So, we are looking for two aces. Even though two cards are being dealt, to calculate the probability, they must be thought of as two cards being dealt one after the other. Let’s call them card 1 and card 2.

Since there are 4 aces in the pack and 52 cards, the probability that card 1 is an ace is 4 out of 52. Assuming we do not replace this card, there are now 51 cards left in the pack and only three Aces left. Thus, the probability that card 2 is an Ace is 3 out of 51. When the probabilities change like this from one event to another, we call them dependent events.

To calculate the final probability, we multiply the probabilities above since we want an Ace and an Ace. So the final probability of getting two Aces when you are dealt two cards from a standard deck of 52 is:

4 out of 52 multiplied by 3 out of 51, which equals 12 out of 2,652, which simplifies to 1 out of 221, or about 0.0045.

Thus, there is a 0.45% chance of getting two Aces.

Now let’s look at something a little more complicated, like the game of blackjack.

## Blackjack

James wants to learn how to win at the game of blackjack. Another name for this game is 21. The idea is to get as close to 21 points with the sum of the cards dealt to you from a standard deck of 52 cards.

In blackjack, or 21, each card is worth the same amount of points as the number shown on the face of the card. However, the face cards, Jack, Queen and King, are worth 10 points each, and Aces are worth either 1 or 11 points, depending on what you need to make the sum as close to 21 as possible.

The complete rules of blackjack in a casino are more complicated, but let’s examine a simple game to understand how the probabilities work.

James is dealt two cards from a standard deck of 52 cards. Let’s assume he is the only person playing this game. The rules are: He has to place a bet of \$5 to play a game. If he gets an Ace and a face card or an Ace and a Ten he will have a sum of 21, which is called blackjack! And for the blackjack combination, he wins \$10. But note his gain is only \$5 since he paid \$5 to play.

And, for anything else he loses his bet of \$5!

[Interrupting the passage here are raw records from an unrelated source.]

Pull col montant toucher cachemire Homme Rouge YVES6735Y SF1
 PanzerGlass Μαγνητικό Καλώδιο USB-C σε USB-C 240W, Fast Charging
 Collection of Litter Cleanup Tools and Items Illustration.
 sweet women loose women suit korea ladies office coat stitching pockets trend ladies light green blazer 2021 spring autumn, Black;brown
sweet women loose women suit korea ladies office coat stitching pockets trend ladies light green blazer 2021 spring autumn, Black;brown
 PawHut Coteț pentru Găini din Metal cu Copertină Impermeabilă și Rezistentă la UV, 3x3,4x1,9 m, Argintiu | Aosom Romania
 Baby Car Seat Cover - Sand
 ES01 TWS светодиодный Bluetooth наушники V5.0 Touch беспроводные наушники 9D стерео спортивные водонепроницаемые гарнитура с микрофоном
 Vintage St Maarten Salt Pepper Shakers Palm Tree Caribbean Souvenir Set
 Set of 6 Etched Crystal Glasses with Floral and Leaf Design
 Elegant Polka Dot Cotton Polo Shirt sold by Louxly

After every game, the cards are replaced and the pack reshuffled. If James continues to play this game, what can he expect to win or lose in the long run?

To calculate the expected value of this game, we first need to understand how cards work and find the probability of getting an Ace and a face card or Ten.

There are two scenarios to consider: Either James gets the Ace as card 1 and then he gets the face card or Ten as card 2, or he gets the face card or Ten first as card 1 and then the Ace as card 2.

Either one of those combinations gives James the winning hand. So what is the probability of getting this winning combination?

Let’s look at the scenario of getting the Ace first as card 1 and the face card or Ten as card 2. Since there are 4 suits, and thus four Aces in the pack to begin with, the probability of getting an Ace as the first card is 4/52.

The next card has to be a face card or a Ten. How many face cards are in the pack? Since there are 4 suits and 3 face cards in each suit, there are a total of 4 x 3 = 12 face cards in the pack. And there are four Tens in the pack. So we have 12 + 4 = 16 cards to choose from, out of how many left? The size of the pack has changed since we took card 1 out! There are now only 51 cards in the pack. And so the probability of getting a face card or a Ten as card 2 is 16 out of 51. These are called dependent events since the first outcome affected the second outcome. Dependent events are dependent on each other since the outcome of one affects the outcome of the other.

So the probability of getting an Ace as card 1 and a face card or a Ten as card 2 is:

4/52 multiplied by 16/51, which equals 16/663 when simplified.

Note, we multiplied the fractions because we want the probability of one event AND another event. In probability calculations, AND is a message to multiply.

So what about the probability of getting the face card or Ten first and then the Ace? Well, if we examine closely, this will be the same probability even though the numbers are reversed. This is shown in the completed table below.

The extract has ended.